Hey I currently have an aftermarket radio by Sony in my Cruze but it’s mounted under the factor monocolor radio in which is deactivated. Is there a dash kit to move the radio up higher to where the regular my link is


----------



## wrx5 (Oct 11, 2016)

Nice article @StLouisCPhT thanks for this. I have few questions:

I am not sure if it was available by the time when you installed C2550NEX but looks like there is C5500NEX is available and provides 8" screen instead of 6.8". C550NEX's screen is slightly bigger but it doesn't have buttons like the C2550NEX has. It seemed to me that they made the screen bigger by getting rid of the buttons and keeping the dimensions same. I can be wrong... C5500NEX has capacitive touch screen which is better in response.

Looks like your installation doesn't have reverse camera but seems like it is matter of buying a reverse camera and plugging it to the correct RCA input

TPMS appears on one of the screenshots. How did you get that? is it aftermarket or you car already has that? If it is aftermarket, could you tell us brand and model of TPMS device and where is it connected to? To Maestro RR?

You have mentioned that we will lose the functionality of stereo related buttons. How about on/off, volume and source control?

The last one is about the vehicle settings. Original head unit also let us do some settings for vehicle. Will they be retained?

Thanks in advance


----------



## Riboild (Aug 7, 2021)

Bump since I have been watching this thread for a while and just recently got the itch to mess my own and am curious to see what others are still involved with and have done recently... Thanks all btw who have contributed and are responsible for this incredible amount of magic!!!


----------



## Blasirl (Mar 31, 2015)

Riboild said:


> Bump since I have been watching this thread for a while and just recently got the itch to mess my own and am curious to see what others are still involved with and have done recently... Thanks all btw who have contributed and are responsible for this incredible amount of magic!!!


Welcome Aboard!

The OP has not been online here for about 3 mo's, but may be back sometime.

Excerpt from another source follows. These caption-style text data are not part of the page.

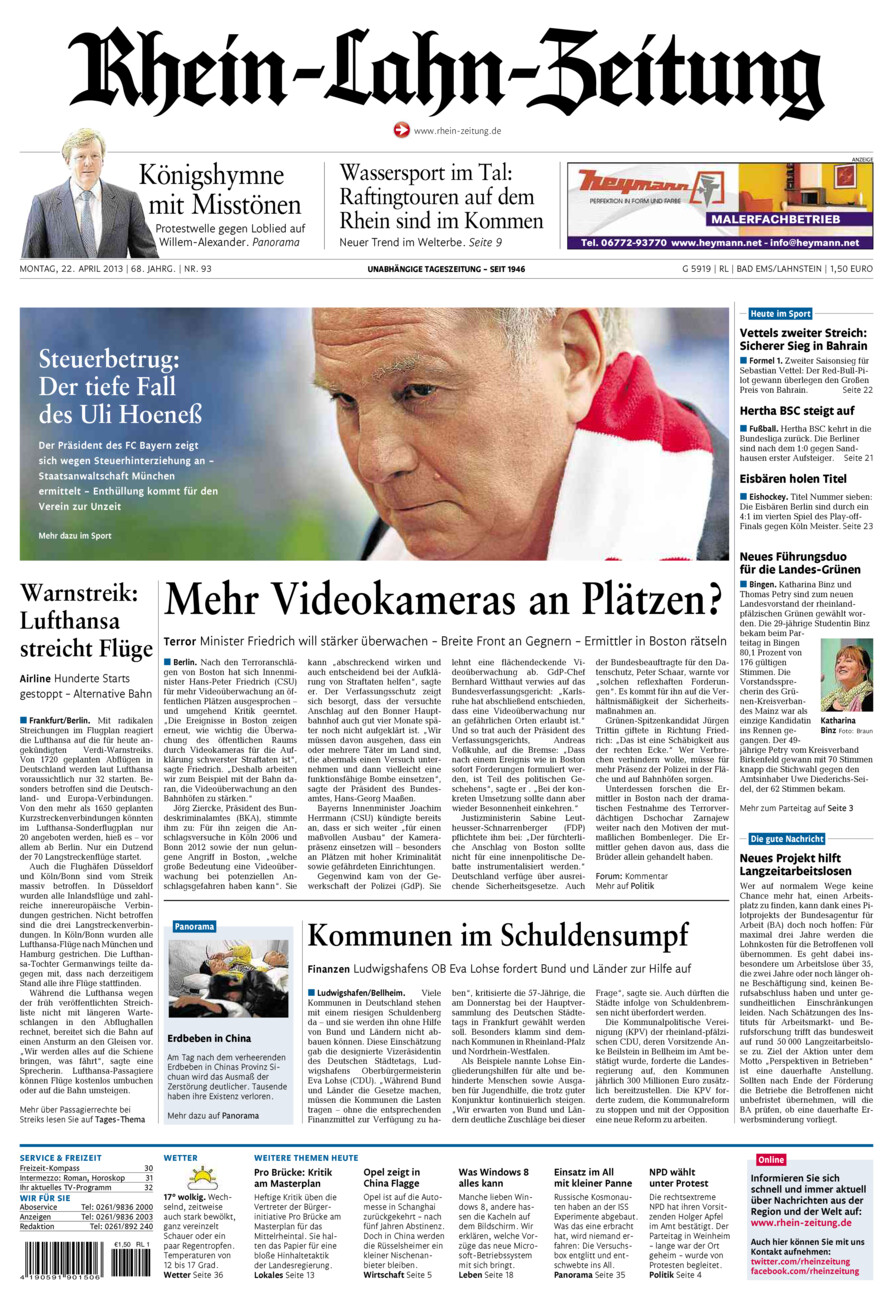 Rhein-Lahn-Zeitung vom Montag, 22.04.2013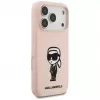 Karl Lagerfeld Custodia in silicone per iPhone 17 Pro con MagSafe, KL Sketch & Logo, rosa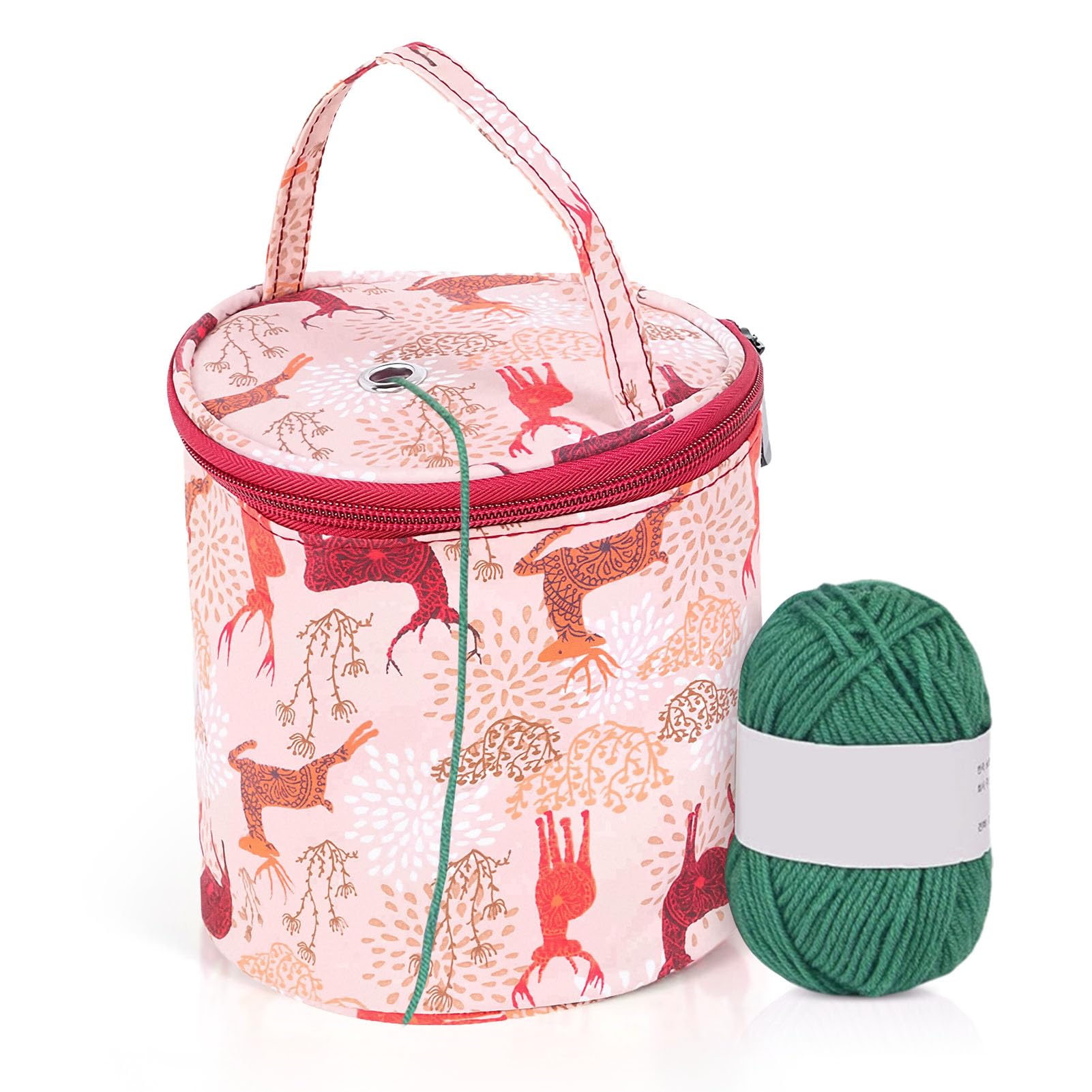 Sac De Rangement Tricot Portable Bleu – Grand Sac à Laine Avec Poignées Et Bandoulière, Idéal Pour Aiguilles, Crochets Et Projets En Cours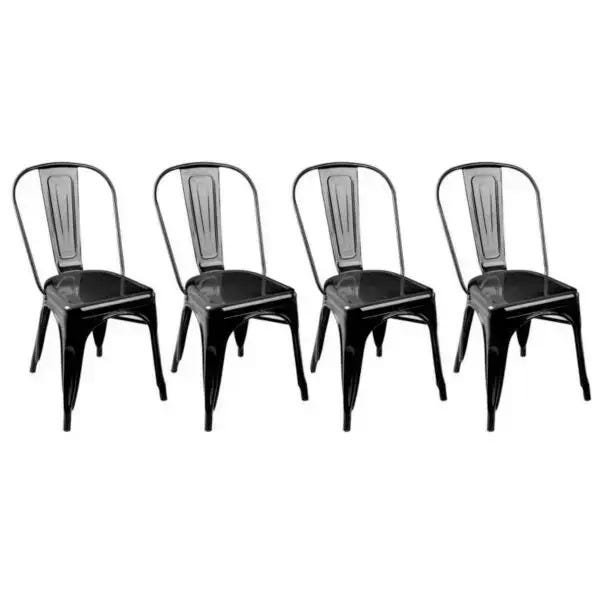 Kit 4 Cadeiras Design Tolix Metal Pelegrin Pel-1518 Cor Preta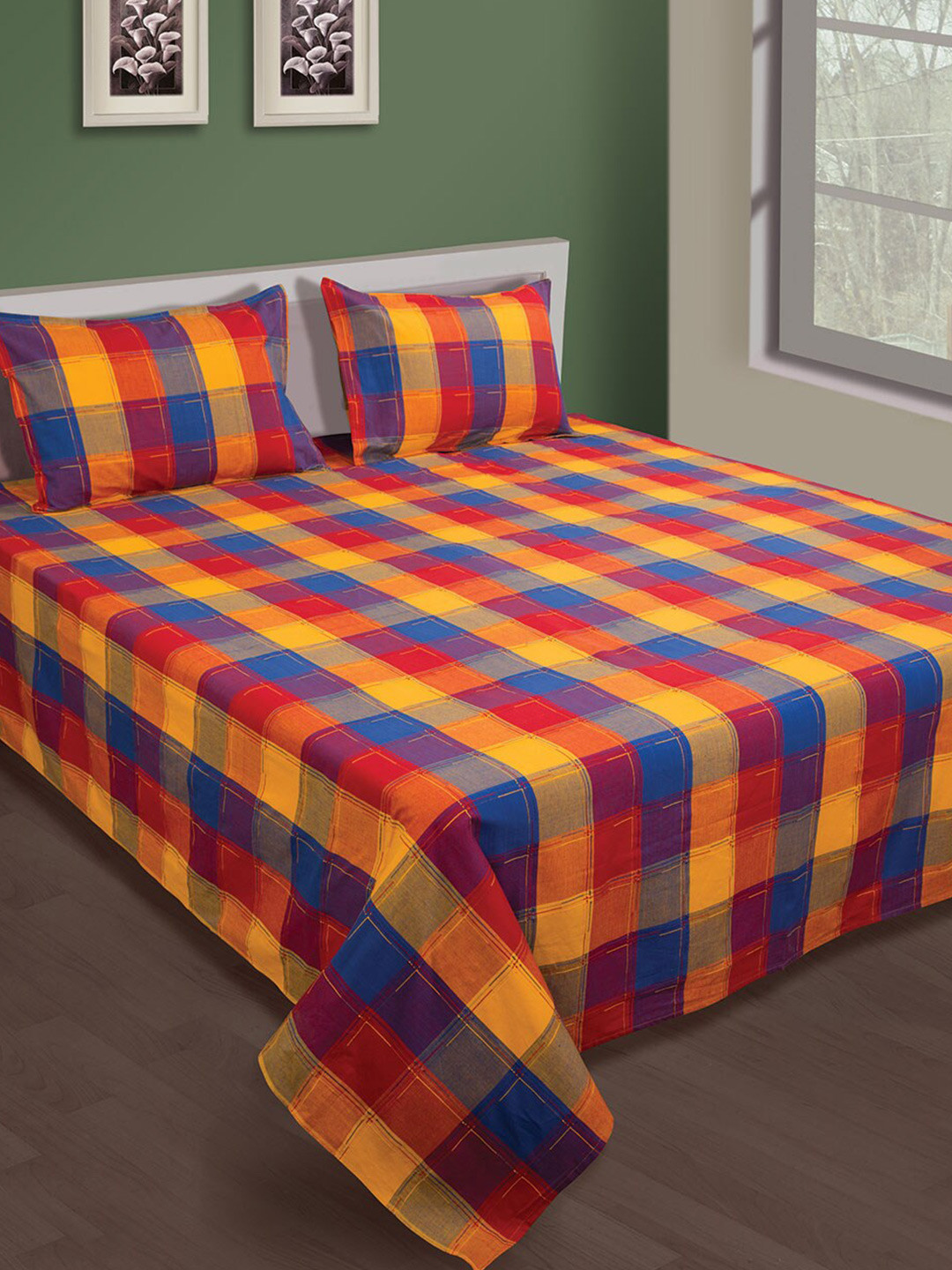 SHADES of LIFE Blue Checked Cotton Skin-Friendly 300 TC Queen Fine Bedsheet with 2 Pillow Covers-274 x 274 cm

In the meantime, you are better off tagging individual contributors and asking pertinent questions as you will get higher quality feedback that way.

Don't forget to introduce yourself and your Cruze here.


----------



## btempyy (Mar 8, 2021)

StLouisCPhT said:


> For 1st Gen Cruze owners that would like to add Android Auto or Carplay to their vehicle with minimal modifications and keep the original look of their interior without resorting to off-shore clones of questionable quality - Pioneer is releasing the DMH-WC5700NEX in the summer of 2021. It is a digital media receiver version of the Cruze's radio & screen design and is intended for use in vehicles with limited dash installation space. It also supports wireless Android Auto and Apple CarPlay connections.
> 
> Installation is very easy. The screen is only half as deep as the original screen and about 1/8th inch shorter, so you will need to add some support for it on the screen bezel, but nothing that would be permanent and prevent you from going back to the original system later. (I used some small clear rubber feet.) You connect the factory USB port to the radio using a 3 foot male to female USB-A extension cable. The factory AM/FM and XM antennas will work with adapters. If you are upgrading from a Cruze that has the basic green, non-touch sceen display you will also need to purchase a different display bezel. Part number 95216932.
> 
> ...


Late reply, will this throw codes or send the car into TheftLock mode? Had the main “brain” of my Cruze replaced because it was VIN locked to the wrong VIN.


----------